TASK DESCRIPTION :: Reproduce nothing but the lines from the one with "Kirklands Home Cream" down to the last line of the data below.

Stored dataset items

---+---

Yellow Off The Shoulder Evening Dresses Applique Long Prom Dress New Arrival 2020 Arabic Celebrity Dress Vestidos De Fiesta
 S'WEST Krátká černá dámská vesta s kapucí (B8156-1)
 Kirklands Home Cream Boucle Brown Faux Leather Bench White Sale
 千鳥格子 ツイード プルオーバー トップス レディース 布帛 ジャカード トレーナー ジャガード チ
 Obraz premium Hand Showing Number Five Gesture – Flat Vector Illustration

---+---

ANSWER BOX ::
 Kirklands Home Cream Boucle Brown Faux Leather Bench White Sale
 千鳥格子 ツイード プルオーバー トップス レディース 布帛 ジャカード トレーナー ジャガード チ
 Obraz premium Hand Showing Number Five Gesture – Flat Vector Illustration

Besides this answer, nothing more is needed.